How to complete this task → Quote, word for word, only the lines running from the line with "Outsunny Planta Artificiala" through the end of the listing. Leave out the pictures.

Source information →
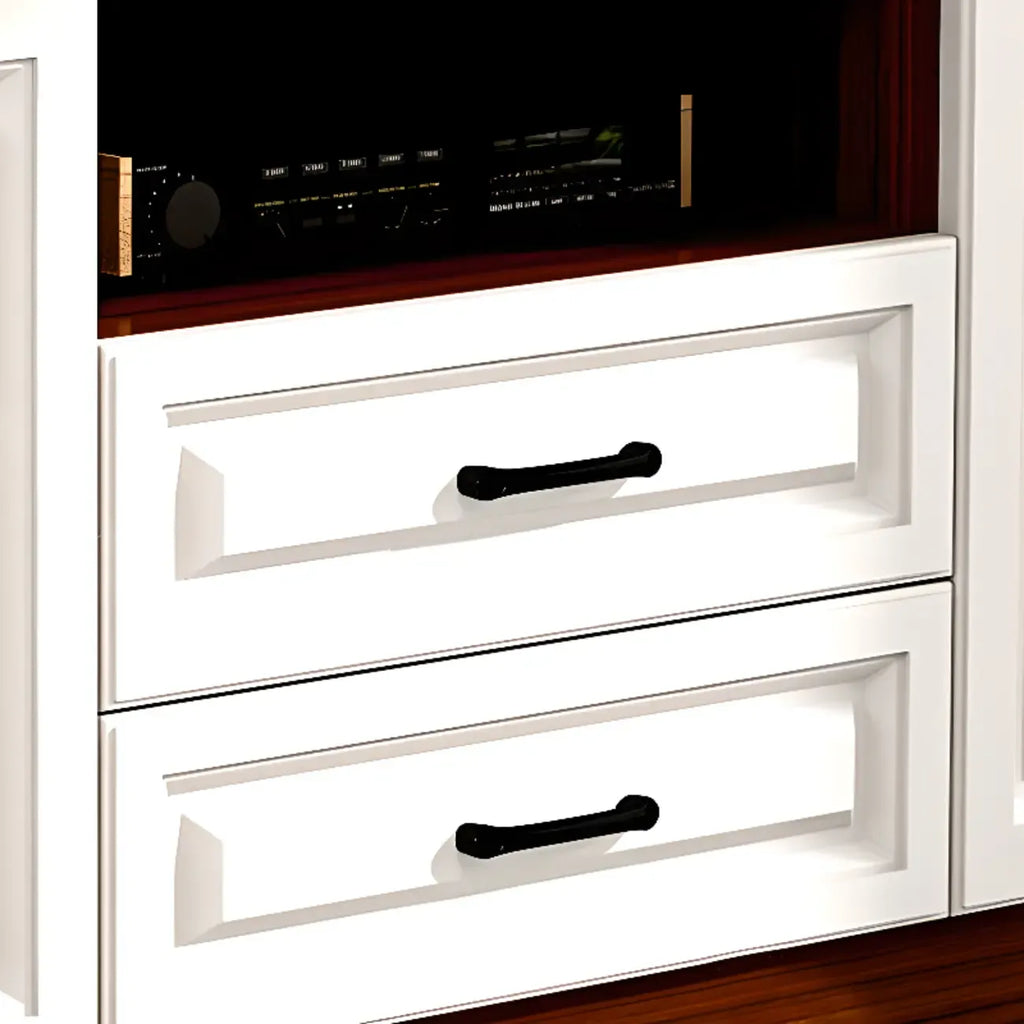 Meuble TV moderne blanc en bois avec rangement et gestion des câbles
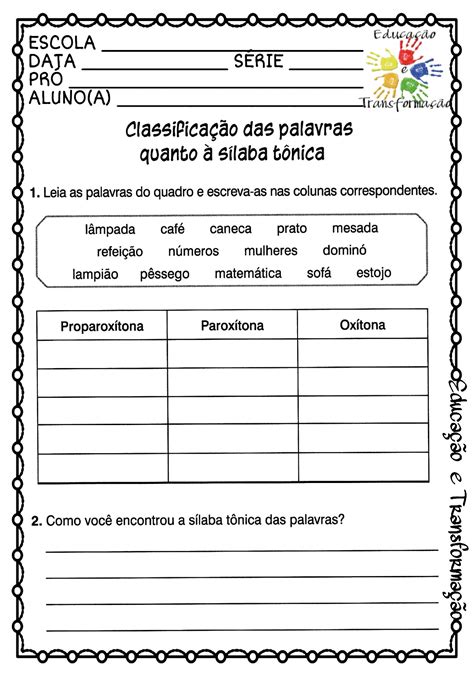 Atividade Separação De Sílabas 4 Ano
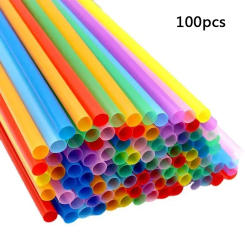 100Pcs Disposable Plastic Straws Colorful Party Event Drinking Straws Flexible Large Straight Tube Straw Bar Accessories 6*190mm
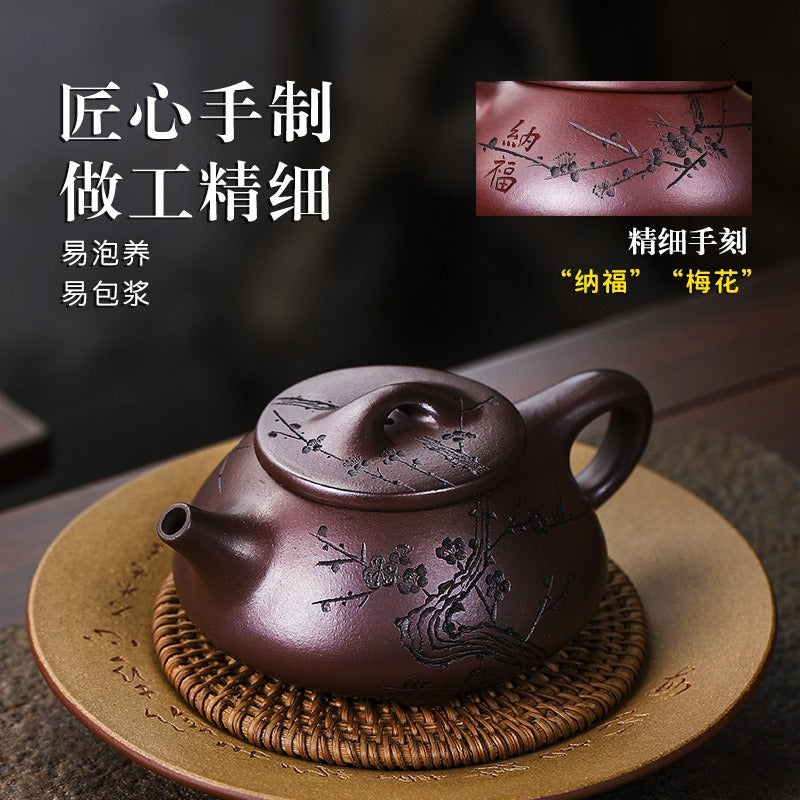 Full Handmade Yixing Zisha Teapot [Nafu Shi Piao] (Shi Hong - 340ml) - YIQIN TEA HOUSE | yiqinteahouse.com | >300ml, full handmade zisha teapot, teapot, teaware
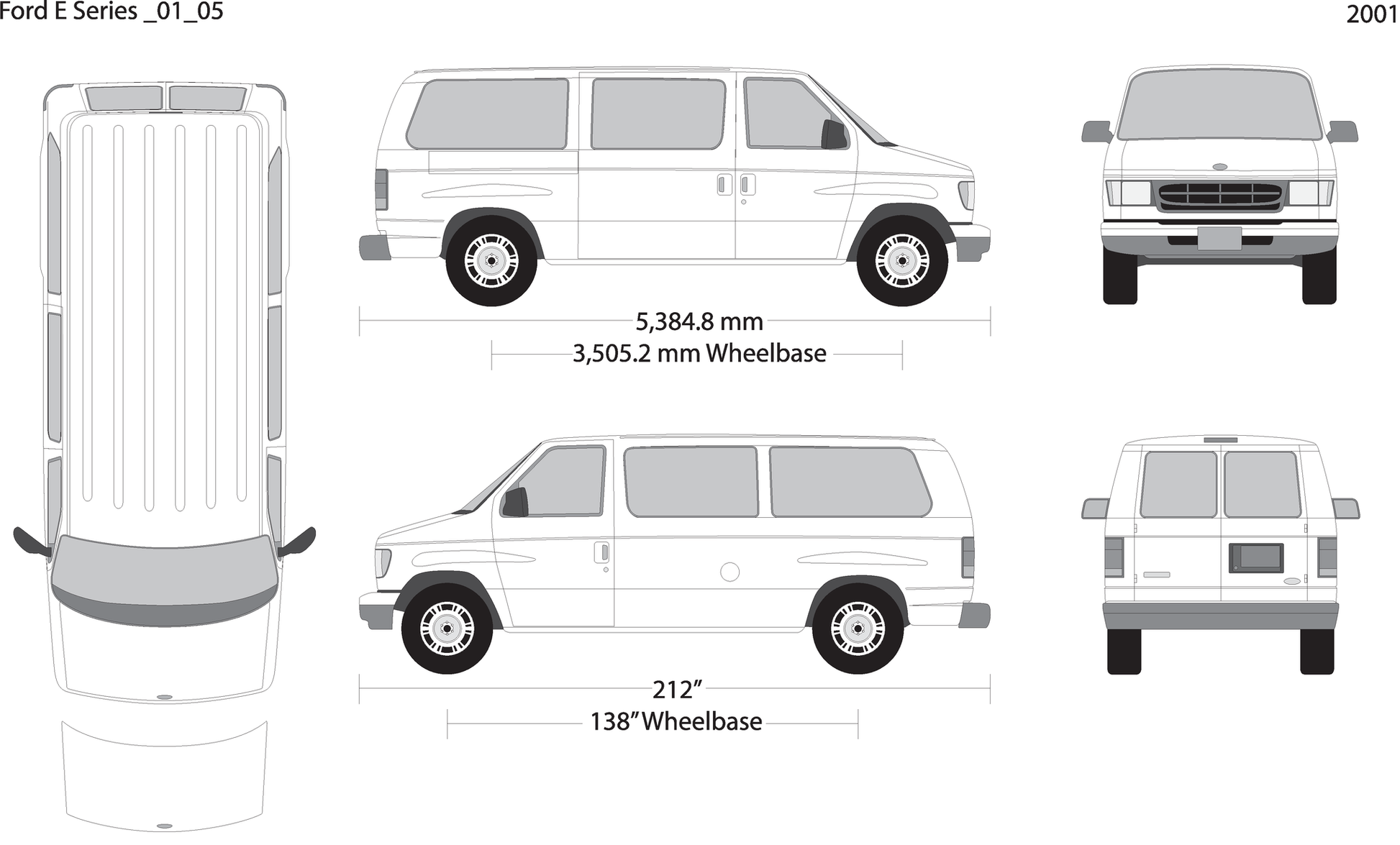 2001 Ford E Series V05 Vehicle Wrap Template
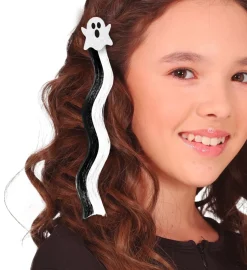 Halloween Hair Extension Zwart Wit Spook 40cm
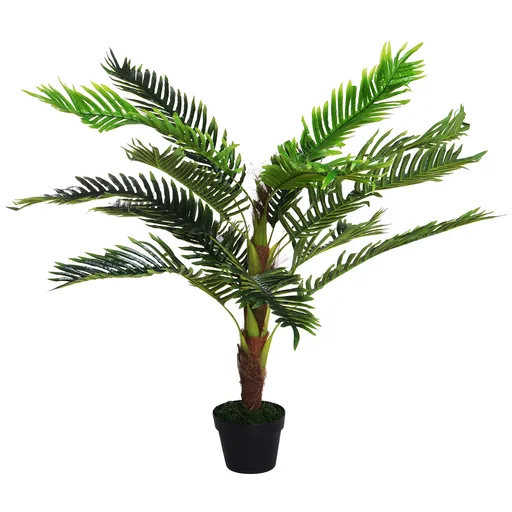 Outsunny Planta Artificiala Palmier Cycas Inaltime 123cm, Planta Artificiala cu Ghiveci Inclus, Decoratiune pentru Casa si Gradina | Aosom Romania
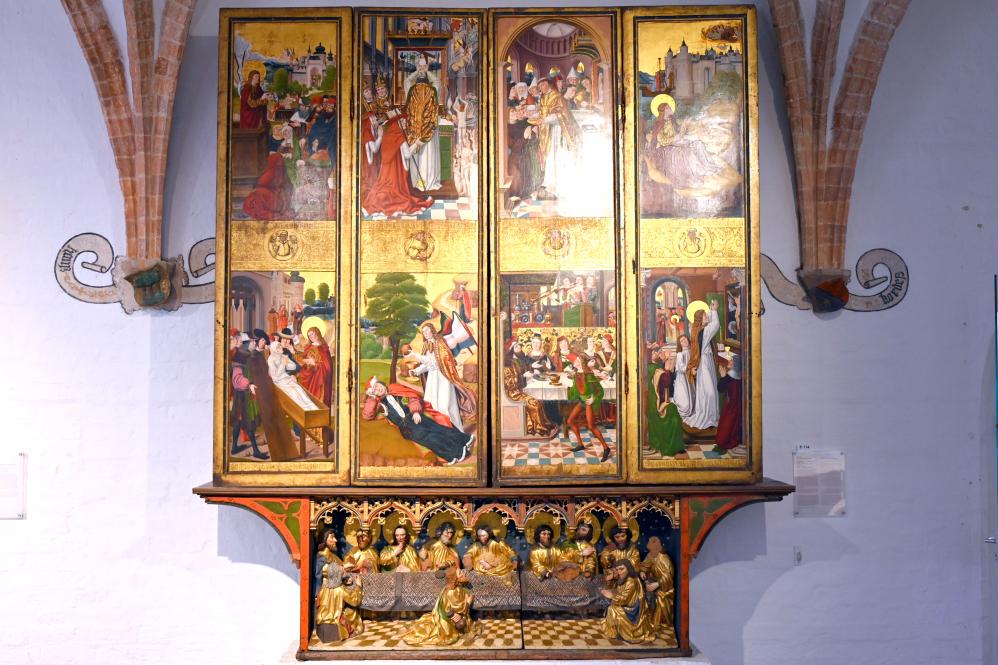 Wilm Dedeke (1496–1510), Altar der Fronleichnamsbruderschaft, Lübeck, Burgkloster, jetzt Lübeck, St. Annen-Museum, Saal 9, 1496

Exercise response →
 Outsunny Planta Artificiala Palmier Cycas Inaltime 123cm, Planta Artificiala cu Ghiveci Inclus, Decoratiune pentru Casa si Gradina | Aosom Romania
 Wilm Dedeke (1496–1510), Altar der Fronleichnamsbruderschaft, Lübeck, Burgkloster, jetzt Lübeck, St. Annen-Museum, Saal 9, 1496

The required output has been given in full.